**HOW TO COMPLETE THIS TASK**:
Reproduce the opening lines of the records exactly, please, stopping after the line that contains "City of Cats video 6".

**SOURCE DATA**:
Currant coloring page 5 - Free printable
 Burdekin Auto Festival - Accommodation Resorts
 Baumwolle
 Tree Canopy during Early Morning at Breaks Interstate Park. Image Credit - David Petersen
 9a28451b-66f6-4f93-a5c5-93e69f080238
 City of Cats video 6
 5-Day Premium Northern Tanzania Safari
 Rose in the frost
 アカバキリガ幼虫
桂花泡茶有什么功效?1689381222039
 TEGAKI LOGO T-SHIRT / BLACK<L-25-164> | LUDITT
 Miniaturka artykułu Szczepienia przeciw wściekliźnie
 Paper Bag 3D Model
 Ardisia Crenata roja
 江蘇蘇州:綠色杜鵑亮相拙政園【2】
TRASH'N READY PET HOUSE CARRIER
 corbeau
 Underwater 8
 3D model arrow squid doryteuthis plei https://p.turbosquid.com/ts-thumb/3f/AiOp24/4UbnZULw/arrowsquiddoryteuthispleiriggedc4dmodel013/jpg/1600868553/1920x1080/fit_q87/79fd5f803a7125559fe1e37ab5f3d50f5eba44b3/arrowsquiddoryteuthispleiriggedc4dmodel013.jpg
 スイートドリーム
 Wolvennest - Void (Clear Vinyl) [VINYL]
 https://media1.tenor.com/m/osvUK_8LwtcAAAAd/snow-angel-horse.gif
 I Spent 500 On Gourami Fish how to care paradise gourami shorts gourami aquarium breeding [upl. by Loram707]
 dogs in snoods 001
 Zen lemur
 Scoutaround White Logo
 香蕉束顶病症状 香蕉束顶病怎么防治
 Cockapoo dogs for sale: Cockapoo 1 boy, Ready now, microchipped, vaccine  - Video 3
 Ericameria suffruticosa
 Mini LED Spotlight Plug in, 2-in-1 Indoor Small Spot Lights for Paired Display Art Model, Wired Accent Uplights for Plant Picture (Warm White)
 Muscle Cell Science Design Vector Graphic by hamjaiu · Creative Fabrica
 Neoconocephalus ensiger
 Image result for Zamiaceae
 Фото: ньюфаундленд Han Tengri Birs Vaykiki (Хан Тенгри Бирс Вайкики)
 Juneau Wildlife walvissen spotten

**EXERCISE SOLUTION**:
Currant coloring page 5 - Free printable
 Burdekin Auto Festival - Accommodation Resorts
 Baumwolle
 Tree Canopy during Early Morning at Breaks Interstate Park. Image Credit - David Petersen
 9a28451b-66f6-4f93-a5c5-93e69f080238
 City of Cats video 6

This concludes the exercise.